HELPFUL HINT: For non-vacation rental homes, you may claim rent expense deductions other than interest and taxes, even if it results in a loss. When personal use of a vacation home is involved, deductions are determined by allocating expenses, including interest and taxes, between the rental and personal-use periods. If you rent your vacation home (or principal residence) for 14 days or less a year, you do not have to pay taxes on that rent income.
Tax-Free Profits: Big Benefits Await Home Sellers
TAX FACTS: Taxpayers who sell their principal (year-round) residence can pocket — tax-free — as much as $500,000 in profit if they file federal taxes jointly or $250,000 if they file singly.
The property must have been owned and used as their principal residence for any two of the prior five years that end on the sale date. Homeowners can shelter the profits on the sale of a home as often as once every two years. If the two-year use and ownership tests are not met, but the home is sold because of special circumstances (e.g., a health problem or job loss), the profit exclusion is prorated. Gains above $500,000 or $250,000 that are taxed at current capital gains rates also may be subject to a 3.8% surtax on Net Investment Income (NII).
NOTE: The surtax applies to individuals, estates and trusts that have Modified Adjusted Gross Incomes (MAGIs) that exceed certain thresholds. For individuals, the thresholds are $250,000 for married couples filing joint returns; $125,000 for married couples filing separate returns; and $200,000 for single persons, heads of households and qualifying widows/widowers (surviving spouses who qualify for the same breaks as married couples for two years after a spouse’s death).
The surtax is imposed on the lesser of (A) NII or (B) the excess of (1) MAGI over (2) the threshold amount. For example, a couple’s NII is $200,000, MAGI is $300,000, and threshold is $250,000. Their surtax is $1,900 — 3.8% of $50,000 ($300,000 MAGI minus $250,000 threshold). What happens when home sellers have MAGIs that exceed the applicable threshold of $250,000, $125,0000 or $200,000? They may be subject to the 3.8% tax on gains from sales that exceed the profit exclusions of $500,000 or $250,000. But they are liable for the tax only on the amount by which MAGI exceeds the threshold. Even if liable, sellers still can take profit exclusions of $500,000 or $250,000.
HELPFUL HINT: NII includes income from such sources as rents, gains from sales of second homes and gains from sales of investment properties. They’re possibly subject to the 3.8% tax, to the extent that gains aren’t otherwise offset by capital losses. Browse to http://bit.ly/IRSNIIT for further details.

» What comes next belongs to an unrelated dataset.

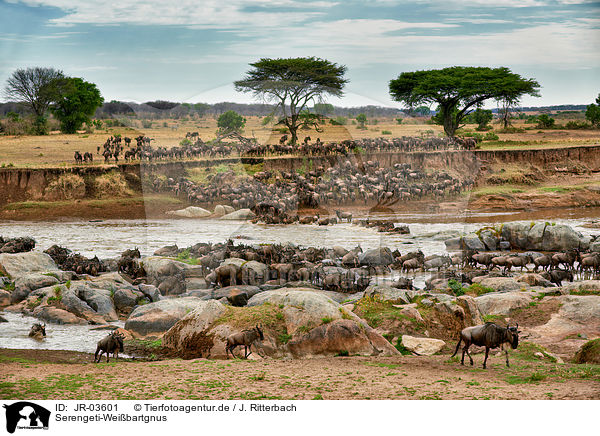 Serengeti-Weibartgnus / western white-bearded wildebeests / JR-03601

Moving Expenses: Only Military Personnel Can Deduct Relocation Costs When Moving
TAX FACTS: Only members of the military on active duty (or their spouse or dependents) who move due to a military order for a permanent change of station may qualify for a moving-expense deduction. As a bonus for those members of the military who qualify, you do NOT need to itemize deductions to use the moving deduction and you will not have to pay tax on qualified moving expense reimbursements.
Whether a homeowner or renter, you can deduct the cost of moving household goods and the direct cost of moving you and your family. You can also deduct expenses for lodging during the move but not meals. Use Form 3903 to tally your moving deductions, provided your employer did not reimburse you for them.
HELPFUL HINT: For non-military related moves, employers may still reimburse you for any moving expenses you incur, but these reimbursements are now taxable. Keep in mind that these reimbursements will show up on your W-2 as income and may increase your tax liability.
These are just summaries of complex tax rules. Be sure to work with a qualified tax professional to see how these provisions apply to your situation.